*** Begin section ***

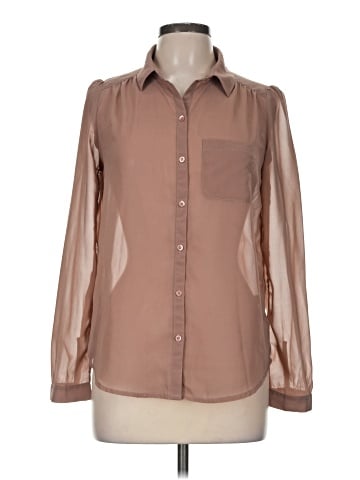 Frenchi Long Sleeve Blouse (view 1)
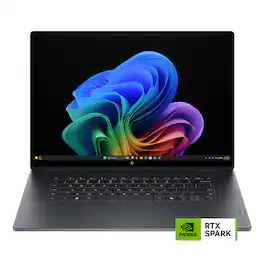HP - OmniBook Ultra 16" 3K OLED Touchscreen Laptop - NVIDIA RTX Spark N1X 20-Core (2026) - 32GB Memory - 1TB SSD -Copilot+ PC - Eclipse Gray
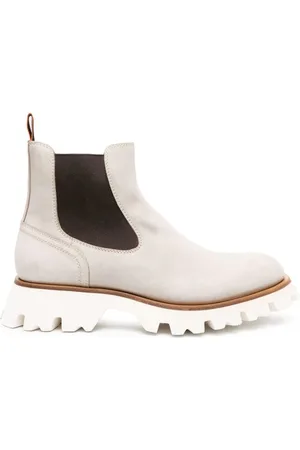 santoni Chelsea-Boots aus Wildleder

*** End section ***

● Task prompt: Copy every line of the data word for word, omitting the images.

● Solution to this task:
 Frenchi Long Sleeve Blouse (view 1)
HP - OmniBook Ultra 16" 3K OLED Touchscreen Laptop - NVIDIA RTX Spark N1X 20-Core (2026) - 32GB Memory - 1TB SSD -Copilot+ PC - Eclipse Gray
 santoni Chelsea-Boots aus Wildleder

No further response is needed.